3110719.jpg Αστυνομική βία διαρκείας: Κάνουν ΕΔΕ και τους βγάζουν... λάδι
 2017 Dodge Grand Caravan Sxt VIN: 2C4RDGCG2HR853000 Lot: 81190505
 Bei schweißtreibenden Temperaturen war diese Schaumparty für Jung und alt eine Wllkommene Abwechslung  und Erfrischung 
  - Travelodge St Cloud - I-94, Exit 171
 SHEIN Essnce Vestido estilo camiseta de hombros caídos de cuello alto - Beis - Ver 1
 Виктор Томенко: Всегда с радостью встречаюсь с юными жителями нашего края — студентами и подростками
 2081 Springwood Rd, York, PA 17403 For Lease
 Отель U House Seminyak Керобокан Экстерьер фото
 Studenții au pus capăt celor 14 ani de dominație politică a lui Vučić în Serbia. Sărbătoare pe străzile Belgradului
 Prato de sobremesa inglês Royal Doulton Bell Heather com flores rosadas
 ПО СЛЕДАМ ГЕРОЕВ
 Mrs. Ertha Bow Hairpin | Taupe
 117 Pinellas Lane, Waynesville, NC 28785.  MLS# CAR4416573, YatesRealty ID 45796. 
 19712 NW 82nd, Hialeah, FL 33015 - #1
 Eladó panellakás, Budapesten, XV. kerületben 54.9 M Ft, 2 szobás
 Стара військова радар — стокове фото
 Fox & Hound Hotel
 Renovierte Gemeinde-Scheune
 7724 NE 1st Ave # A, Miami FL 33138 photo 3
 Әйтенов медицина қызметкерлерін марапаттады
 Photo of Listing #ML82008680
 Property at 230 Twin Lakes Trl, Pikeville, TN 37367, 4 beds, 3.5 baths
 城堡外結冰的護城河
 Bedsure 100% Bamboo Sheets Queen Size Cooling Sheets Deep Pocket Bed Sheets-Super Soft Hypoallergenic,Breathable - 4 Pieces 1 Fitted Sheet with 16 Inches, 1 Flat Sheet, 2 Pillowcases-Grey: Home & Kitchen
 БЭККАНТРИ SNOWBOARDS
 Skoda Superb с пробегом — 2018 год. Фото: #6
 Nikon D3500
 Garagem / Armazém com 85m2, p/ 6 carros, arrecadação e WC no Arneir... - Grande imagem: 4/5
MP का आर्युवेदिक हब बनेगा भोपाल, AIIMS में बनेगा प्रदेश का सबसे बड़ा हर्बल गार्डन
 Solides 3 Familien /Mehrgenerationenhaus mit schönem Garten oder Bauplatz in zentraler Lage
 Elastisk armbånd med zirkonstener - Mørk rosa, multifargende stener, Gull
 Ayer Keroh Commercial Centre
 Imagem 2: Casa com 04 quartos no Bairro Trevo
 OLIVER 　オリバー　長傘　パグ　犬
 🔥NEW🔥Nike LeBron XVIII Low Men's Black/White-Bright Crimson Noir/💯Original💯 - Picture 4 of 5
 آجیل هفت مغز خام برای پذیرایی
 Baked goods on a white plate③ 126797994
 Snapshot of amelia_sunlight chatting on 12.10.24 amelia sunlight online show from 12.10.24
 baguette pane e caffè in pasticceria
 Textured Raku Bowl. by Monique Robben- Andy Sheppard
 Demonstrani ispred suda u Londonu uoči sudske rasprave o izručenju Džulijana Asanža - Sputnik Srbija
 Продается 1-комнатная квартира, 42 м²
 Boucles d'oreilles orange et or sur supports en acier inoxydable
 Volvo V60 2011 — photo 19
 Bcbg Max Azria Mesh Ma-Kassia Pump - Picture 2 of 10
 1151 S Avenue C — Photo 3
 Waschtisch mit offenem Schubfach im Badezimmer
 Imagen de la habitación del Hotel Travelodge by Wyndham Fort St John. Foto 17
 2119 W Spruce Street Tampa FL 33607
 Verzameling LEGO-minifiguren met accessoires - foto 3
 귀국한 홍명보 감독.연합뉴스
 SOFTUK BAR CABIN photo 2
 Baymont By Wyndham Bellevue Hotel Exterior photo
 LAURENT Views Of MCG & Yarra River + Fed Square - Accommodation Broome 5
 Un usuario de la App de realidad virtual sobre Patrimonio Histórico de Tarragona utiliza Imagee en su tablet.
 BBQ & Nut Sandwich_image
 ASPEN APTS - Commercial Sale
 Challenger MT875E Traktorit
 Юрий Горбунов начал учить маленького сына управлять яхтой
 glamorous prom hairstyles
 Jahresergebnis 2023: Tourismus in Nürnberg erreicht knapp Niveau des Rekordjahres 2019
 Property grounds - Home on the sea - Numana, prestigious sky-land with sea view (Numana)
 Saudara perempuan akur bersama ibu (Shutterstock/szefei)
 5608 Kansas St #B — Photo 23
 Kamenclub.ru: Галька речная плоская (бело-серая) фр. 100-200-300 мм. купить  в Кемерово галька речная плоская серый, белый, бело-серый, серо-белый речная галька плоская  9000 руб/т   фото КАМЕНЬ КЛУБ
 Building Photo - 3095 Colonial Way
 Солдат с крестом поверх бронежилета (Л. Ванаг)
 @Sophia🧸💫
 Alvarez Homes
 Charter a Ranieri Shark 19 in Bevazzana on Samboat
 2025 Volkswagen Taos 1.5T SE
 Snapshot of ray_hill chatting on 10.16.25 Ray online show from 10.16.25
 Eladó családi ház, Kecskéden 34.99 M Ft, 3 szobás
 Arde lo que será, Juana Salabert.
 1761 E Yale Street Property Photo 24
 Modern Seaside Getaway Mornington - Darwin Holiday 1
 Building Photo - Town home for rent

──────────

Try it:
Go through the records and print each one exactly.

Response area:
3110719.jpg Αστυνομική βία διαρκείας: Κάνουν ΕΔΕ και τους βγάζουν... λάδι
 2017 Dodge Grand Caravan Sxt VIN: 2C4RDGCG2HR853000 Lot: 81190505
 Bei schweißtreibenden Temperaturen war diese Schaumparty für Jung und alt eine Wllkommene Abwechslung  und Erfrischung 
  - Travelodge St Cloud - I-94, Exit 171
 SHEIN Essnce Vestido estilo camiseta de hombros caídos de cuello alto - Beis - Ver 1
 Виктор Томенко: Всегда с радостью встречаюсь с юными жителями нашего края — студентами и подростками
 2081 Springwood Rd, York, PA 17403 For Lease
 Отель U House Seminyak Керобокан Экстерьер фото
 Studenții au pus capăt celor 14 ani de dominație politică a lui Vučić în Serbia. Sărbătoare pe străzile Belgradului
 Prato de sobremesa inglês Royal Doulton Bell Heather com flores rosadas
 ПО СЛЕДАМ ГЕРОЕВ
 Mrs. Ertha Bow Hairpin | Taupe
 117 Pinellas Lane, Waynesville, NC 28785.  MLS# CAR4416573, YatesRealty ID 45796. 
 19712 NW 82nd, Hialeah, FL 33015 - #1
 Eladó panellakás, Budapesten, XV. kerületben 54.9 M Ft, 2 szobás
 Стара військова радар — стокове фото
 Fox & Hound Hotel
 Renovierte Gemeinde-Scheune
 7724 NE 1st Ave # A, Miami FL 33138 photo 3
 Әйтенов медицина қызметкерлерін марапаттады
 Photo of Listing #ML82008680
 Property at 230 Twin Lakes Trl, Pikeville, TN 37367, 4 beds, 3.5 baths
 城堡外結冰的護城河
 Bedsure 100% Bamboo Sheets Queen Size Cooling Sheets Deep Pocket Bed Sheets-Super Soft Hypoallergenic,Breathable - 4 Pieces 1 Fitted Sheet with 16 Inches, 1 Flat Sheet, 2 Pillowcases-Grey: Home & Kitchen
 БЭККАНТРИ SNOWBOARDS
 Skoda Superb с пробегом — 2018 год. Фото: #6
 Nikon D3500
 Garagem / Armazém com 85m2, p/ 6 carros, arrecadação e WC no Arneir... - Grande imagem: 4/5
MP का आर्युवेदिक हब बनेगा भोपाल, AIIMS में बनेगा प्रदेश का सबसे बड़ा हर्बल गार्डन
 Solides 3 Familien /Mehrgenerationenhaus mit schönem Garten oder Bauplatz in zentraler Lage
 Elastisk armbånd med zirkonstener - Mørk rosa, multifargende stener, Gull
 Ayer Keroh Commercial Centre
 Imagem 2: Casa com 04 quartos no Bairro Trevo
 OLIVER 　オリバー　長傘　パグ　犬
 🔥NEW🔥Nike LeBron XVIII Low Men's Black/White-Bright Crimson Noir/💯Original💯 - Picture 4 of 5
 آجیل هفت مغز خام برای پذیرایی
 Baked goods on a white plate③ 126797994
 Snapshot of amelia_sunlight chatting on 12.10.24 amelia sunlight online show from 12.10.24
 baguette pane e caffè in pasticceria
 Textured Raku Bowl. by Monique Robben- Andy Sheppard
 Demonstrani ispred suda u Londonu uoči sudske rasprave o izručenju Džulijana Asanža - Sputnik Srbija
 Продается 1-комнатная квартира, 42 м²
 Boucles d'oreilles orange et or sur supports en acier inoxydable
 Volvo V60 2011 — photo 19
 Bcbg Max Azria Mesh Ma-Kassia Pump - Picture 2 of 10
 1151 S Avenue C — Photo 3
 Waschtisch mit offenem Schubfach im Badezimmer
 Imagen de la habitación del Hotel Travelodge by Wyndham Fort St John. Foto 17
 2119 W Spruce Street Tampa FL 33607
 Verzameling LEGO-minifiguren met accessoires - foto 3
 귀국한 홍명보 감독.연합뉴스
 SOFTUK BAR CABIN photo 2
 Baymont By Wyndham Bellevue Hotel Exterior photo
 LAURENT Views Of MCG & Yarra River + Fed Square - Accommodation Broome 5
 Un usuario de la App de realidad virtual sobre Patrimonio Histórico de Tarragona utiliza Imagee en su tablet.
 BBQ & Nut Sandwich_image
 ASPEN APTS - Commercial Sale
 Challenger MT875E Traktorit
 Юрий Горбунов начал учить маленького сына управлять яхтой
 glamorous prom hairstyles
 Jahresergebnis 2023: Tourismus in Nürnberg erreicht knapp Niveau des Rekordjahres 2019
 Property grounds - Home on the sea - Numana, prestigious sky-land with sea view (Numana)
 Saudara perempuan akur bersama ibu (Shutterstock/szefei)
 5608 Kansas St #B — Photo 23
 Kamenclub.ru: Галька речная плоская (бело-серая) фр. 100-200-300 мм. купить  в Кемерово галька речная плоская серый, белый, бело-серый, серо-белый речная галька плоская  9000 руб/т   фото КАМЕНЬ КЛУБ
 Building Photo - 3095 Colonial Way
 Солдат с крестом поверх бронежилета (Л. Ванаг)
 @Sophia🧸💫
 Alvarez Homes
 Charter a Ranieri Shark 19 in Bevazzana on Samboat
 2025 Volkswagen Taos 1.5T SE
 Snapshot of ray_hill chatting on 10.16.25 Ray online show from 10.16.25
 Eladó családi ház, Kecskéden 34.99 M Ft, 3 szobás
 Arde lo que será, Juana Salabert.
 1761 E Yale Street Property Photo 24
 Modern Seaside Getaway Mornington - Darwin Holiday 1
 Building Photo - Town home for rent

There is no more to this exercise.